--- SUPPLIED DATA Enclosed Below ---
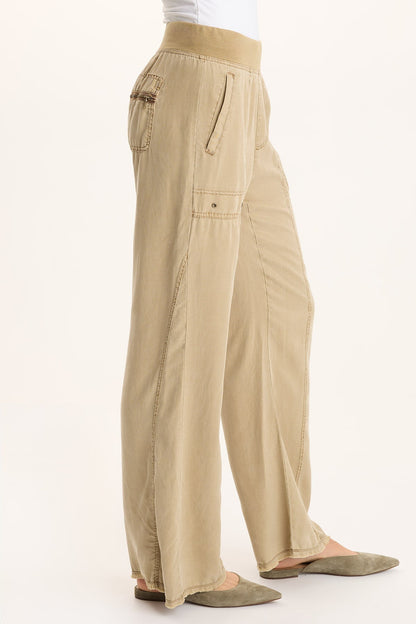 Schyler Soft Twill Wide-Leg Pant Plateau Pigment - XCVI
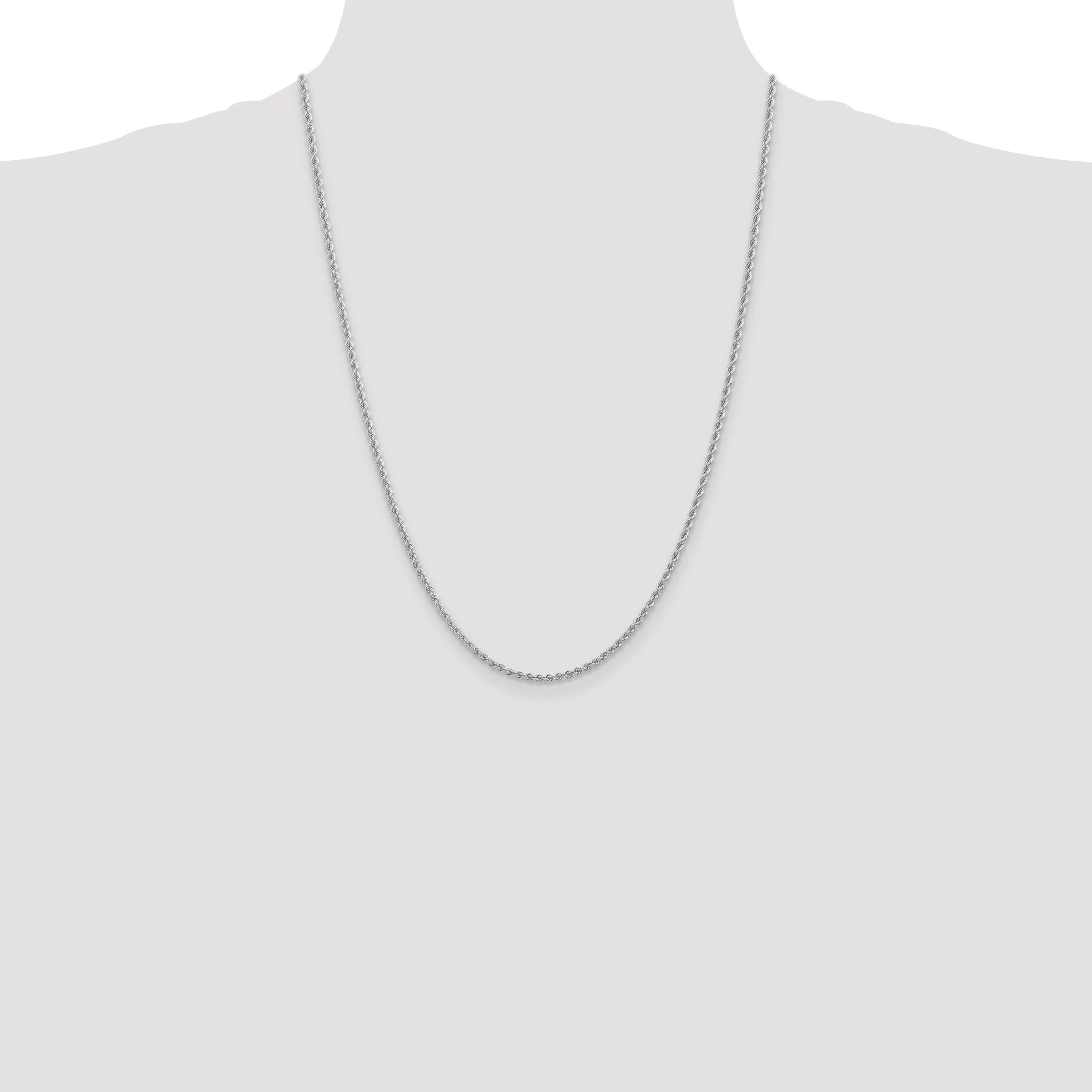 14k White Gold 2.25mm Handmade Rope Chain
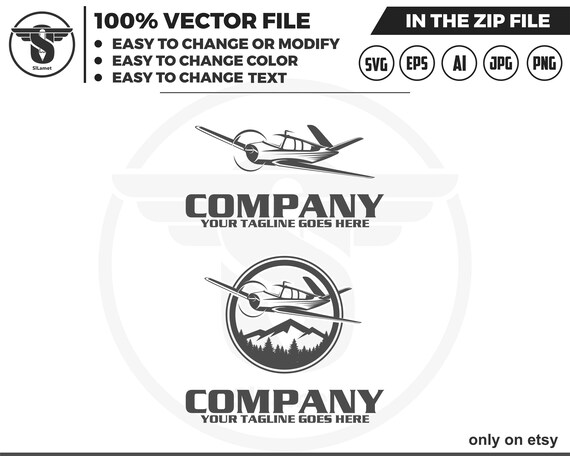 Light aircraft logo - private planes logo - small planes logo - airplanes logo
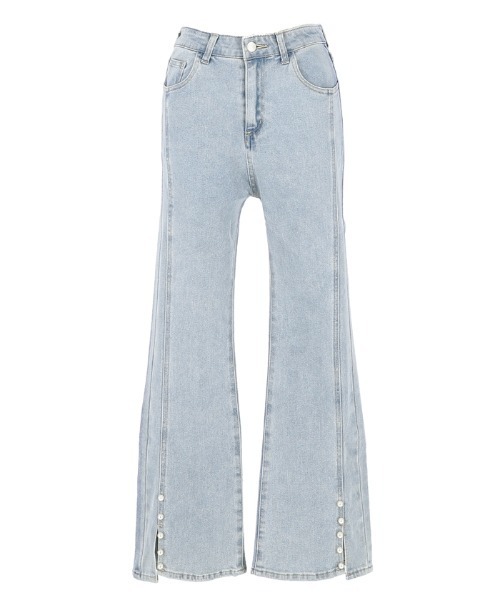 coca(coca)(コカ)の「ストレッチ 裾スリットパールデニム(デニムパンツ・レディース・ブラック/ライトブルー・S/M/L)」の15枚目の写真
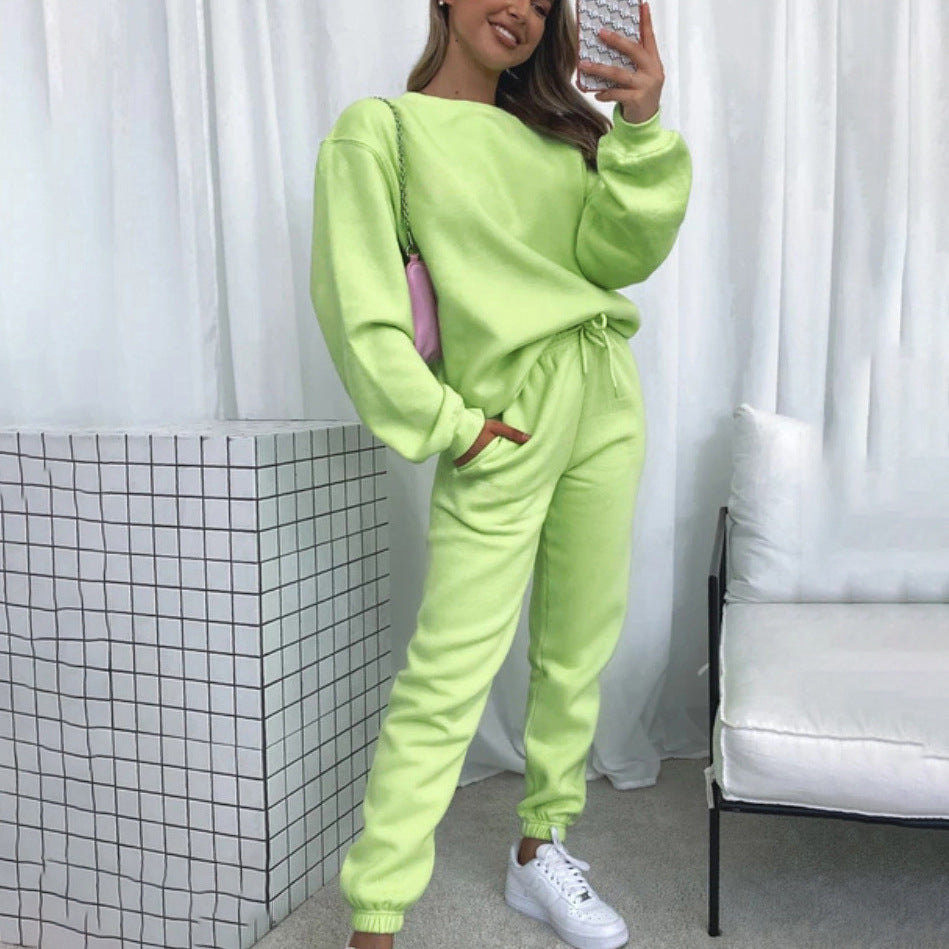 Damen angesagtes Oversized Loungewear-Set aus weichem Fleece WW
--- End of Enclosed SUPPLIED DATA ---
THE PROBLEM: Could you transcribe all of the data exactly, keeping every picture out of the copy?

TASK RESPONSE:
 Schyler Soft Twill Wide-Leg Pant Plateau Pigment - XCVI
 14k White Gold 2.25mm Handmade Rope Chain
 Light aircraft logo - private planes logo - small planes logo - airplanes logo
 coca(coca)(コカ)の「ストレッチ 裾スリットパールデニム(デニムパンツ・レディース・ブラック/ライトブルー・S/M/L)」の15枚目の写真
 Damen angesagtes Oversized Loungewear-Set aus weichem Fleece WW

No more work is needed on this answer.